Beyond accuracy, the framework offers massive efficiency gains. “Concretely, RLSD at 200 training steps already beats GRPO trained for 400 steps, so roughly 2x convergence speedup,” Yang said. “Cost-wise, the only overhead beyond a normal GRPO pipeline is one extra forward pass per response to grab teacher logits. Compared to rollout generation… that’s basically free.”

Unlike OPSD, which saw performance spike and then completely collapse due to information leakage, RLSD maintained long-term training stability and converged on a higher performance ceiling than standard methods.

The qualitative findings highlight how the model alters its learning behavior. For example, in a complex visual counting task, standard RLVR looks at the final correct answer and gives the entire paragraph of reasoning tokens the same reward. RLSD surgically applied rewards to the specific mathematical subtraction steps that solved the problem, while actively down-weighting generic filler text like “Looking at the image, I see…”.

In another example, the model performed an incorrect math derivation based on a bar chart. Instead of labeling the whole response as a failure, RLSD concentrated the heaviest penalty on the exact point where the model misread a relationship from the chart. It remained neutral on the rest of the logical setup, recognizing that the initial framework was valid.

This is particularly important for messy, real-world enterprise use cases. If a model makes a mistake analyzing a 50-page quarterly earnings report, developers do not want it to unlearn its entire analytical framework. They just want it to fix the specific assumption it got wrong. RLSD allows the model to learn exactly which logical leaps are valuable and which are flawed, token by token. Because RLSD does this by repurposing the model itself, it provides models with granular reasoning capabilities while keeping the costs of training reasonable.

How enterprises can get started

For data engineers and AI orchestration teams, integrating RLSD is straightforward, but it requires the right setup. The most critical requirement is a verifiable reward signal, such as code compilers, math checkers, SQL execution, or schema validators. “Tasks without verifiable reward (open-ended dialogue, brand-voice writing) belong in preference-based pipelines,” Yang said.

However, RLSD is highly flexible regarding the privileged information it requires. While OPSD structurally requires full intermediate reasoning traces, forcing enterprises to either pay annotators or distill from a frontier model, RLSD does not.

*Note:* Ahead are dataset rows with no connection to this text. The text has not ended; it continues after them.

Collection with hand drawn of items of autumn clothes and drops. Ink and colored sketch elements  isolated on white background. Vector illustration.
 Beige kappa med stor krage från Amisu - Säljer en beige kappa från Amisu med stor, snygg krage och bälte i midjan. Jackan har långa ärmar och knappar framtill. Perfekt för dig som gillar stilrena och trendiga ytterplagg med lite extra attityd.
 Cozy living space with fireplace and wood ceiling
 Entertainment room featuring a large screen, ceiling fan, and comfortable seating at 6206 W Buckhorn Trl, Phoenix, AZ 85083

“If you have full verified reasoning traces, great, RLSD will use them,” Yang said. “If all you have is the ground-truth final answer, that also works… OPSD doesn’t have this flexibility.”

Integrating the technique into existing open-source multi-modality RL frameworks like veRL or EasyR1 is incredibly lightweight. According to Yang, it requires no framework rewrite and slots right into the standard stack. The code swap involves simply changing tens of lines to adjust the GRPO objective and sync the teacher with the student.

Looking ahead, RLSD offers a powerful way for enterprises to maximize their existing internal assets.

“The proprietary data enterprises hold inside their perimeter (compliance manuals, internal documentation, historical tickets, verified code snippets) is essentially free privileged information,” Yang concluded. “RLSD lets enterprises feed this kind of data straight in as privileged context, which sharpens the learning signal on smaller models without needing an external teacher and without sending anything outside the network.”